That cannot mean that all those faces became one. 


It cannot... 


Face is about the aspect: As the dictionary says, it is what we see in front of us. 


In this case, we see two faces or two sides in the untouched band: The inner and the outer. 


We would have to have at least these two sides or faces to form a three dimensional figure, since only two dimensions could show one-sided things, the flat shape in the Cartesian Plane. 


Prism brings a nice collection of prisms. Say we choose this one:

Now, do the same: Run your finger, index finger, over the lateral surface of this prism (and notice that top and bottom is relative: put it standing and what was side according to one of the sources (not top or bottom) will become a non-side). 


And now? Do we have only three sides? 


You could run your finger over four of the surfaces and come back to the same place... 


That is not a good argument... 


I found no definition relating finger walk to sides or faces, so that not even the non-mathematical sources support this view. 


We must have a mathematical agreement on what a side or face is, however. 


We cannot define face based on what we had before connecting elements, before forming the shape, since otherwise all shapes would be the initial flat surface, and therefore would have one face. 


Notwithstanding, any three-dimensional shape, perhaps taking away the line, would have to have at least two faces, for otherwise it would fit the Cartesian Plane and it would be in 2D instead. 


The definition should be visual, and therefore based on the source that said it is what we see in front of us: if we look at the band from the front, we see one face. If we look at the band from the back, we see another, to the back of the face we just mentioned. 


We put a number on what we see and we will have two. 


For instance, take the picture that follows (it came from band):

Write 1 in all you see when starring at this. 

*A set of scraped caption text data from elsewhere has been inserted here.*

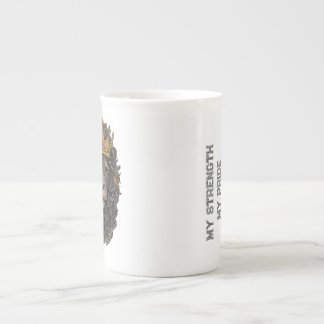 Taza De Porcelana Majestic Lion Speciality Mug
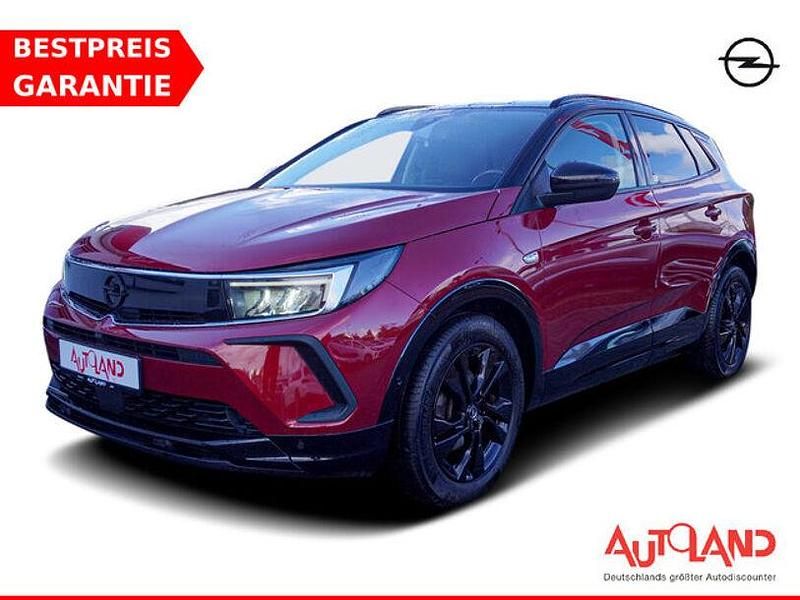 Rot Gebraucht 2022 Opel Grandland X GS Line SUV | 20.950 € (Fairer Preis) - Bild 1/4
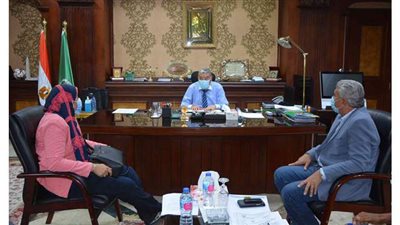 محافظ المنيا يوجه بسرعة إنهاء أعمال مشروعات المياه والصرف الصحي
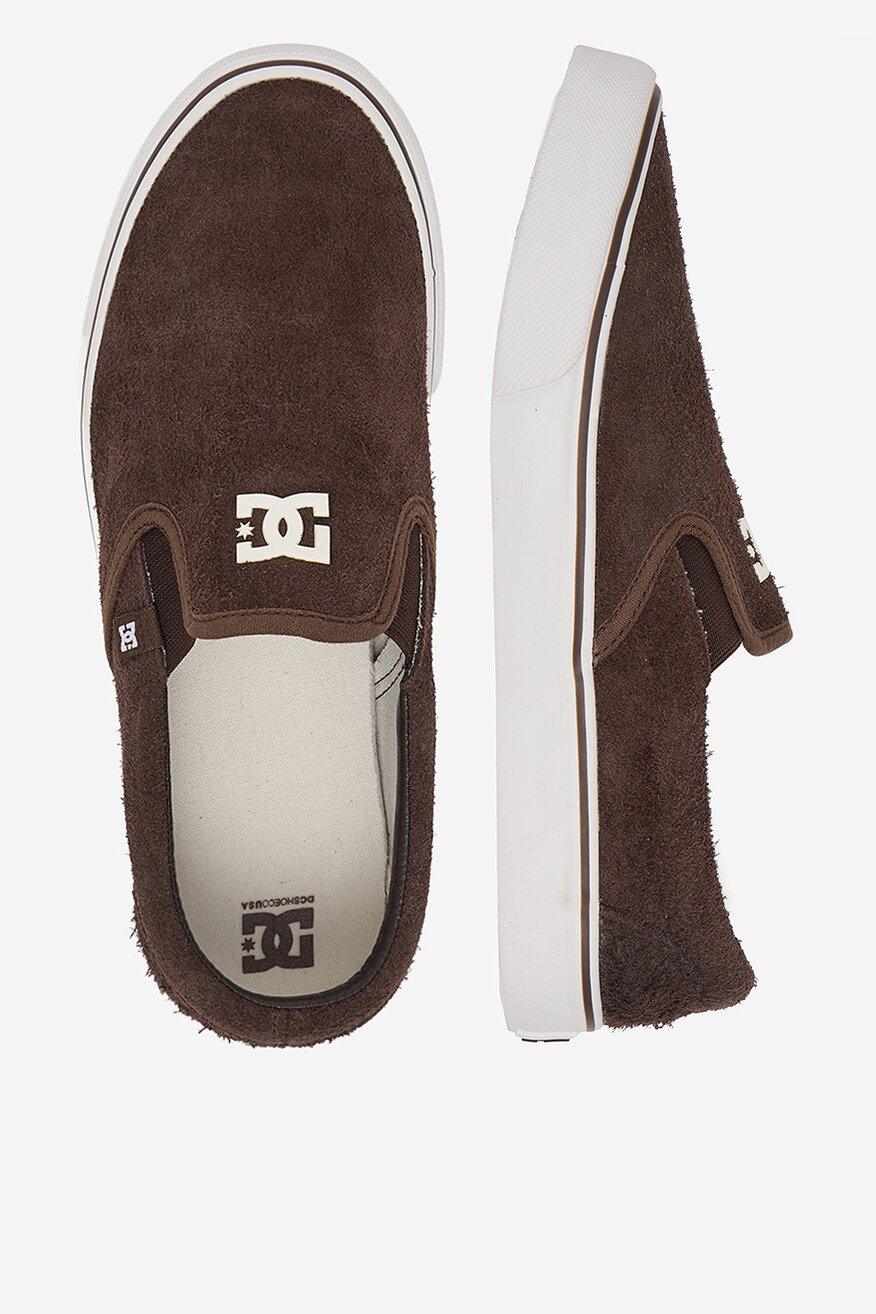 
                Півкеди DC Shoes ТЕМНО-КОРИЧНЕВИЙ - 5907964280873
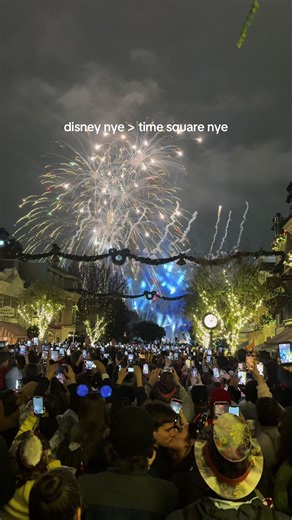 Celebrate New Year's at Disneyland California
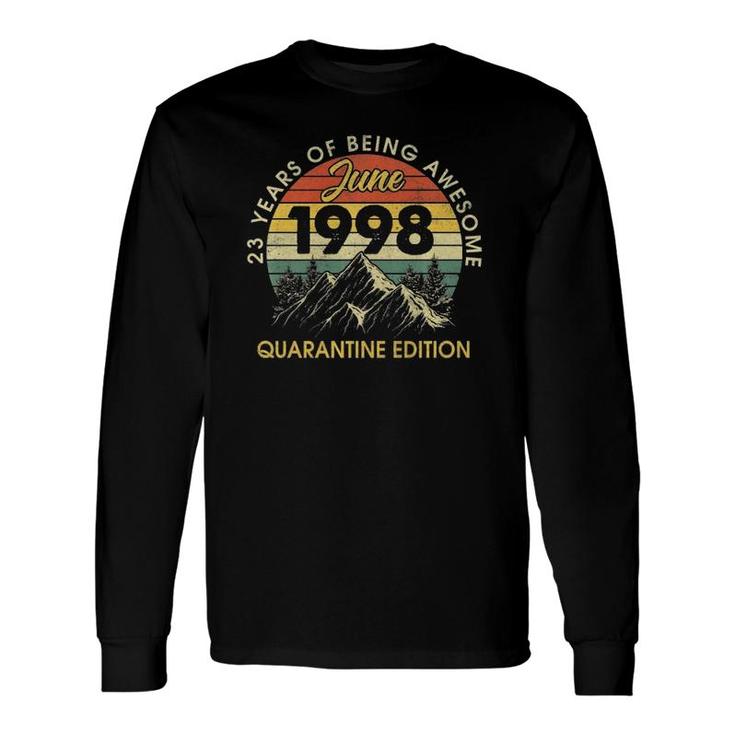 Born In June 1998 Birthday T-Shirt Born In June 1998 Birthday T-Shirt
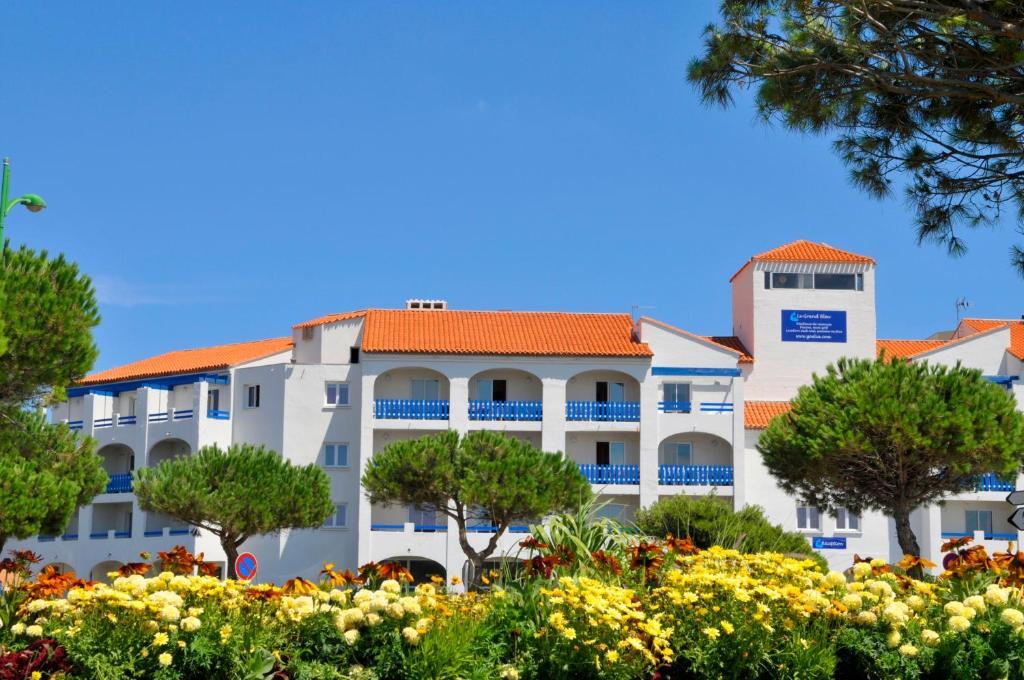 Le Barcarès Residence Goelia Le Grand Bleu المظهر الخارجي الصورة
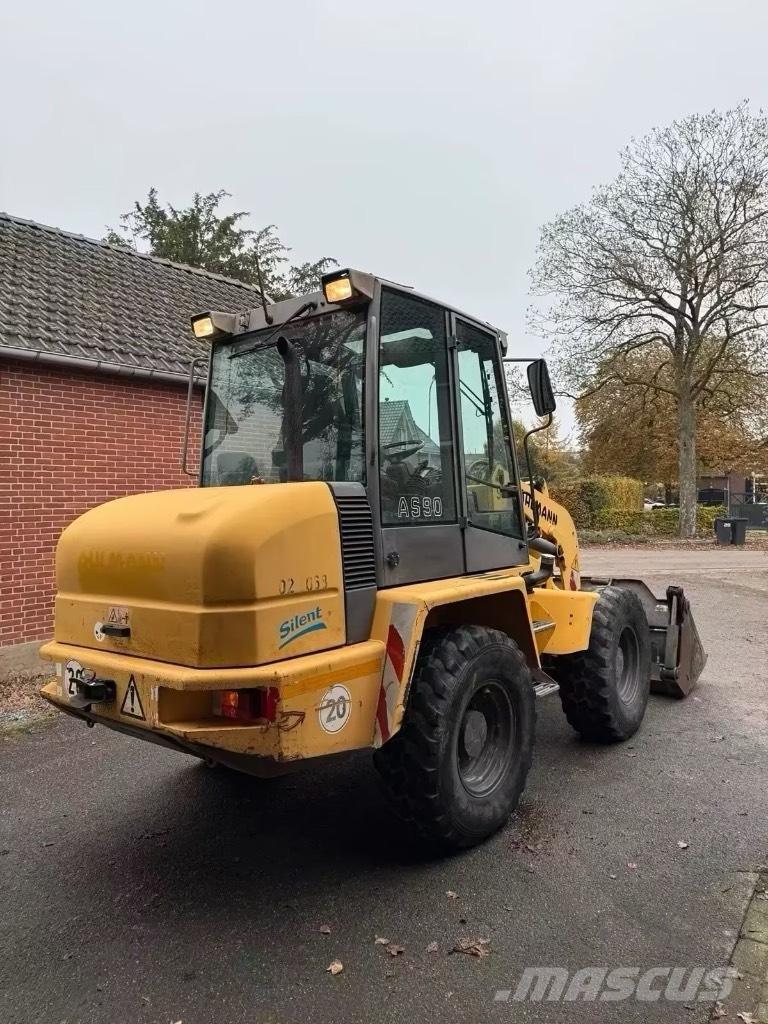 Ahlmann AS 90 輪胎式裝載機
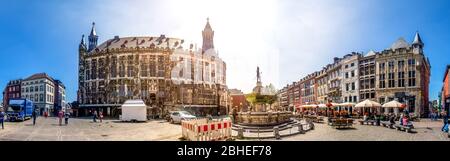 Rathaus, Aachen, Deutschland Stockfoto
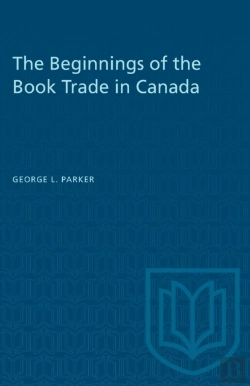 Bertrand.pt - The Beginnings Of The Book Trade In Canada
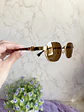 Gia Metal Sunglasses - thumbnail 4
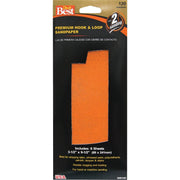 3-1/2 In. x 9-1/2 In. 120G Premium Hook And Loop Sandpaper (6 Count)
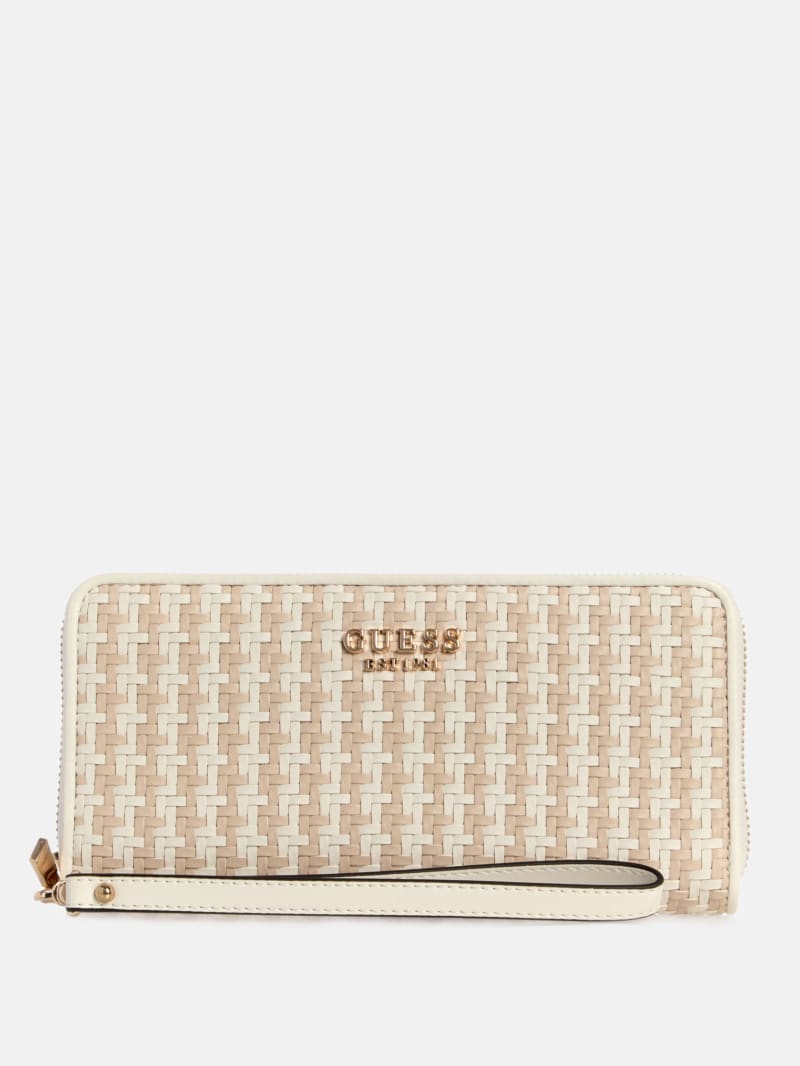 Mirema Large Zip-Around Wallet | GUESS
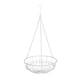 thumbnail image 5 of Cesta colgante maceta maceta colgante colgante almacenamiento versátil contenedor de macetas europeo para patio al aire libre interior, 5 of 8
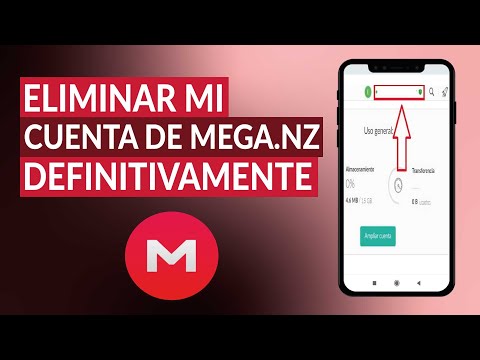 Cómo eliminar mi cuenta de MEGA.NZ definitivamente - Fácil y rápido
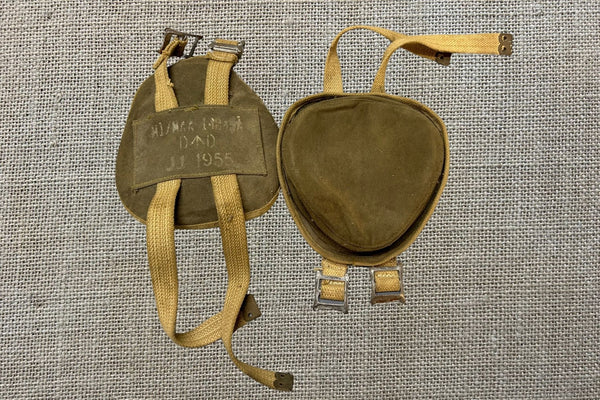 1955 Canvas Artillery Knee Pads (pair)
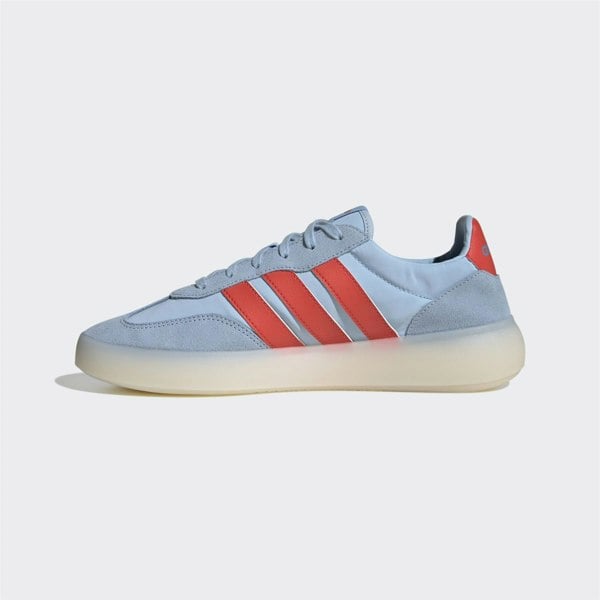 Adidas Barreda Decode Sky Blue/Orange Trainers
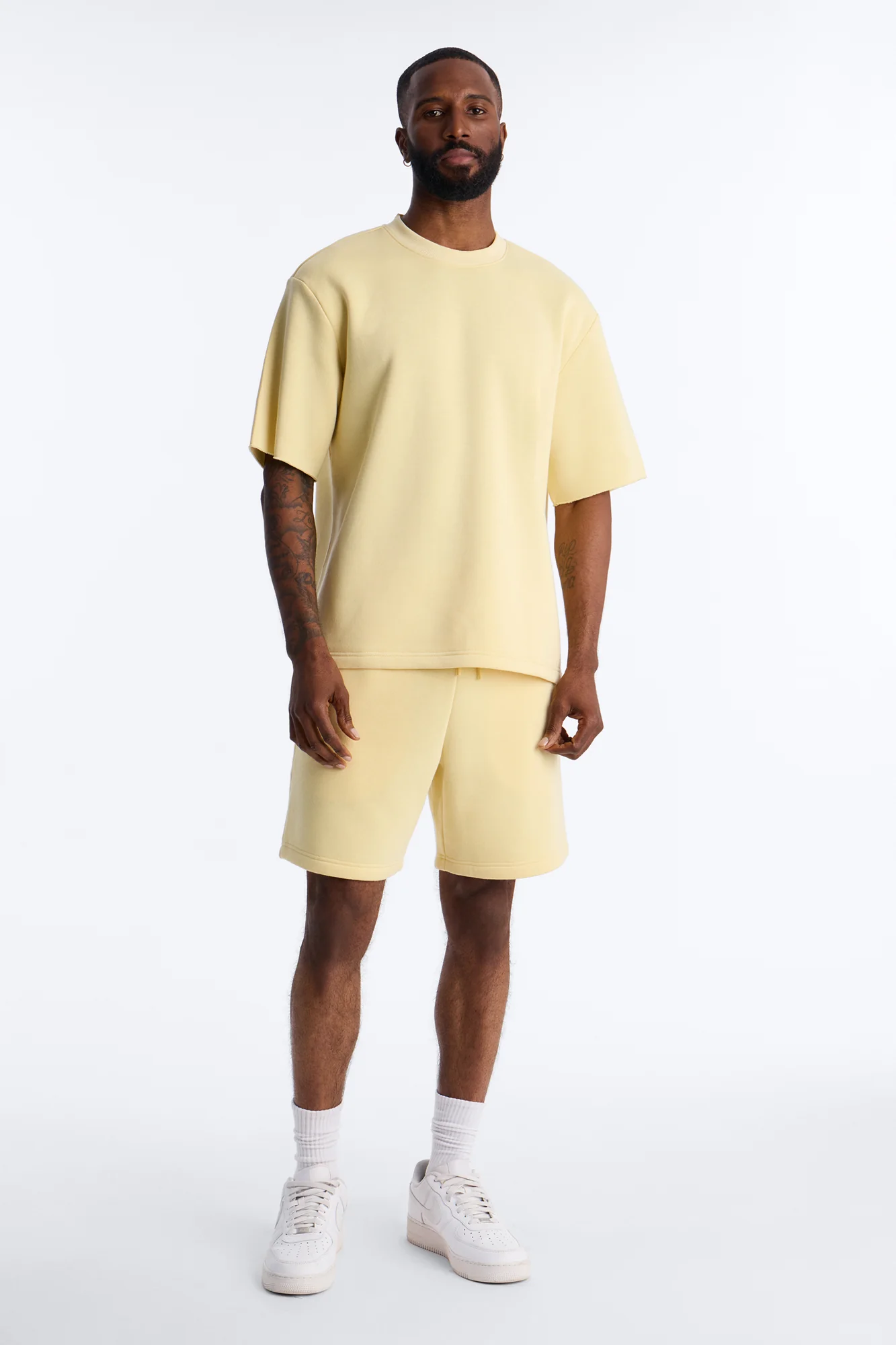 Tyson Short Sleeve Tee - Butter Yellow - Image 2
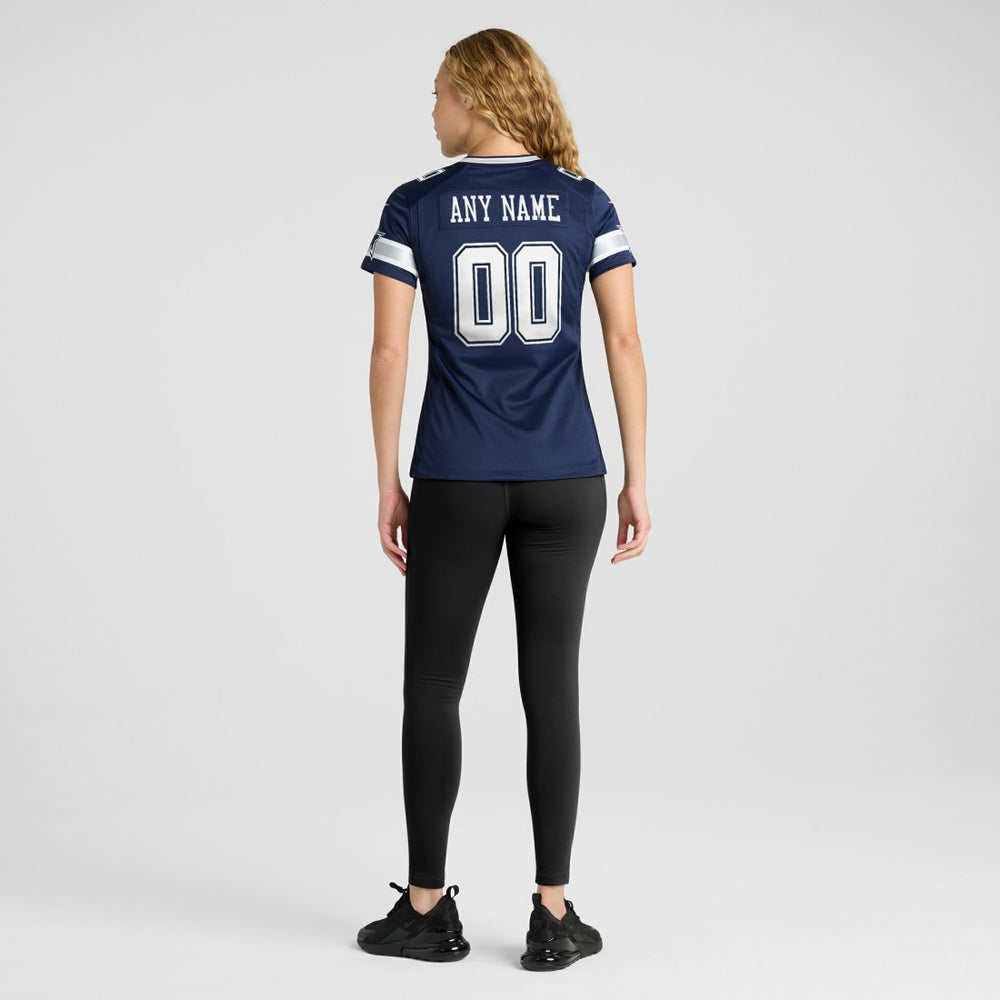 Women's Custom Game Jersey - Dallas Cowboys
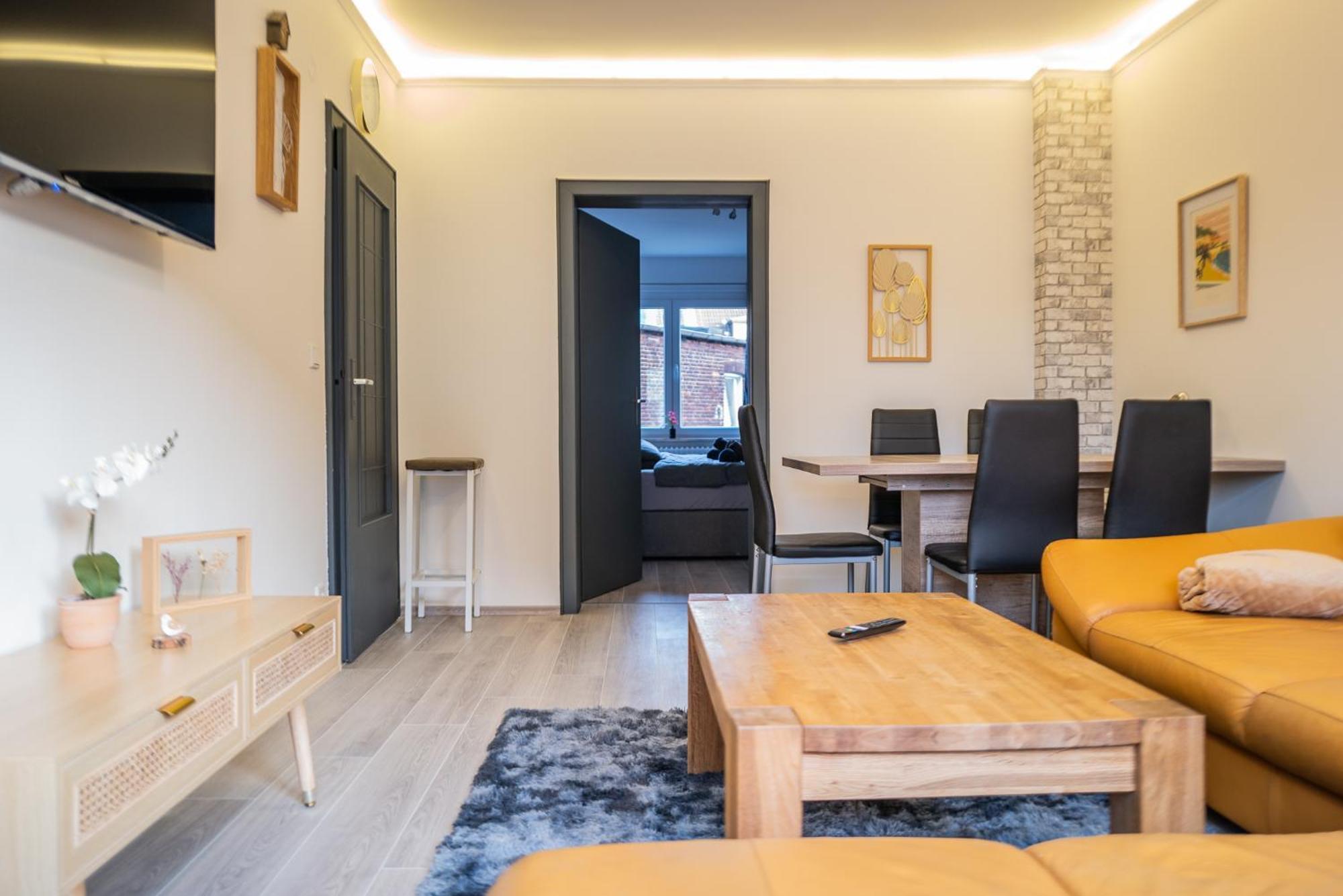 #412 Komfortable, Stilvolle Wohnung Fuer 6 Personen مولهايم ان الرور دير المظهر الخارجي الصورة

Now put it upside down and write 2. 


Any other angle will return the same numbers, so that we would definitely have 2 in the end.


Perhaps we define it as being the largest number we may have when changing angles of sight of a 3D-shape. 


In this way, our selected prism would be positioned in a way to show one face at a time to us, so that we get six. 


Where we have an edge, we have the encounter of two faces. We can then just count the edges of the band. 


We definitely have two: The top of the band and the bottom.


We also have the same faces meeting there, so two. 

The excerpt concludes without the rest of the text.